As the majority (60%) of non-employed women live in just ten high population countries, including India, China, the United States of America and Pakistan, their labor market engagement has global implications. And just as importantly, in the smaller population countries with extremely low (<20%) female employment, including Syria, Iran, Afghanistan and Egypt, increasing women’s employment could yield major national and regional development returns.
Accordingly, all countries should make increasing women’s employment a central plank of national development policies by setting ambitious targets to increase the female employment to population ratio to above 50% by 2020 and to above 60% by 2030. To achieve this, countries should endorse policies and implement programs that simultaneously increase the supply of women who are “work-enabled” and the demand for their employment. It is important that all policies and programs are designed to specifically benefit women on the lowest incomes and women with dependent children, as they so often face steeper barriers to earning income. Prioritizing progress among these women should also maximize reductions in poverty and inequality and improvements in population health. The ultimate goal is to equalize male and female employment to population ratios over time.

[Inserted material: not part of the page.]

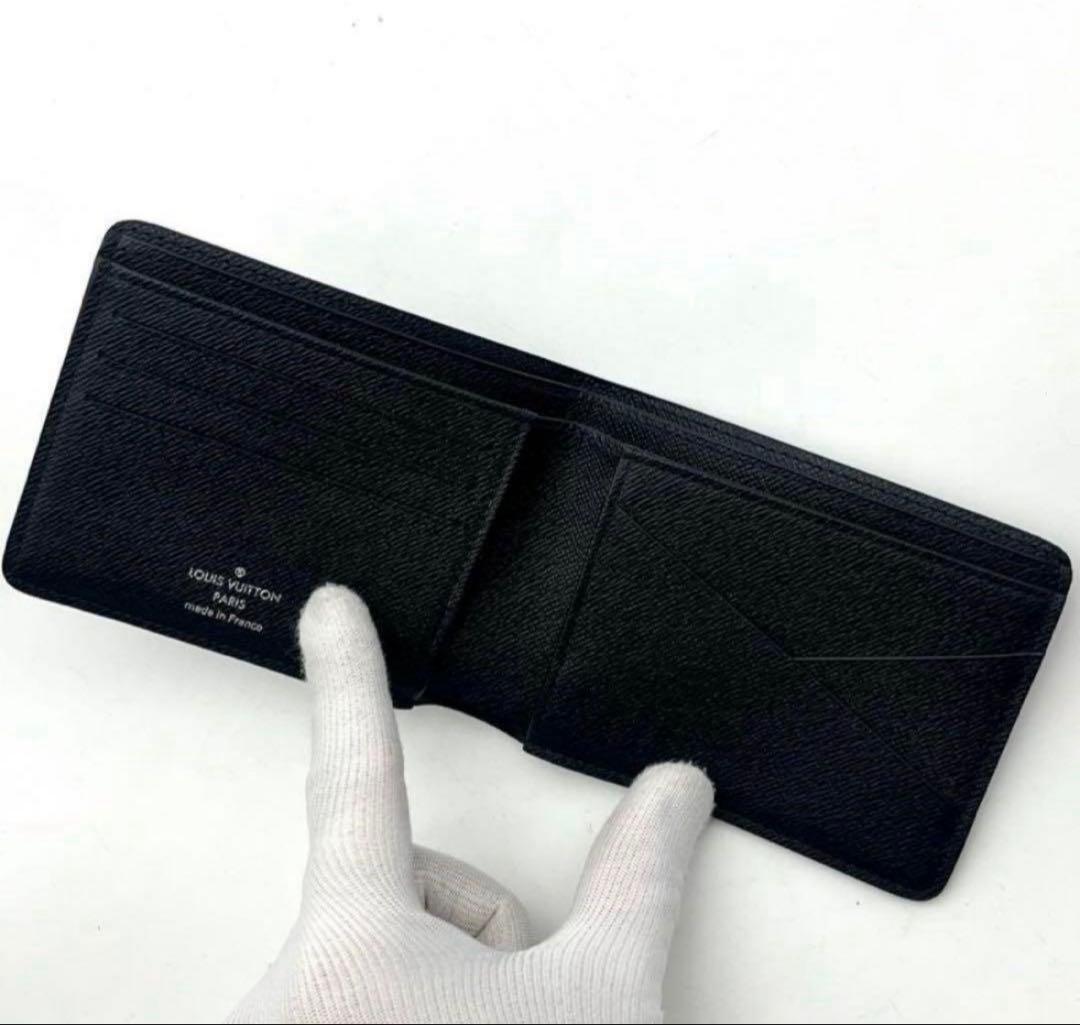 ⭐︎年内のみ！ルイヴィトン エクリプス ミュルティプル　二つ折り財布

The United Nations and its agencies should elevate women’s employment to center stage in the Sustainable Development Goals (2016-2030), ensure that all UN agencies understand the primacy of women’s incomes to development, and incorporate a women’s employment agenda into their programs. Getting back on the convergence track with women’s and men’s employment ratios could drive the next wave of global growth and development.
Back On Track
Equalizing women's & men's employment ratios could drive the next wave of global development. #JustActions
Most women live in societies where access to money determines quality of life. Money is required to buy food and clothing, housing, healthcare, education and transportation. But most women do not enjoy the same access to money as men do, and the freedom and control it offers.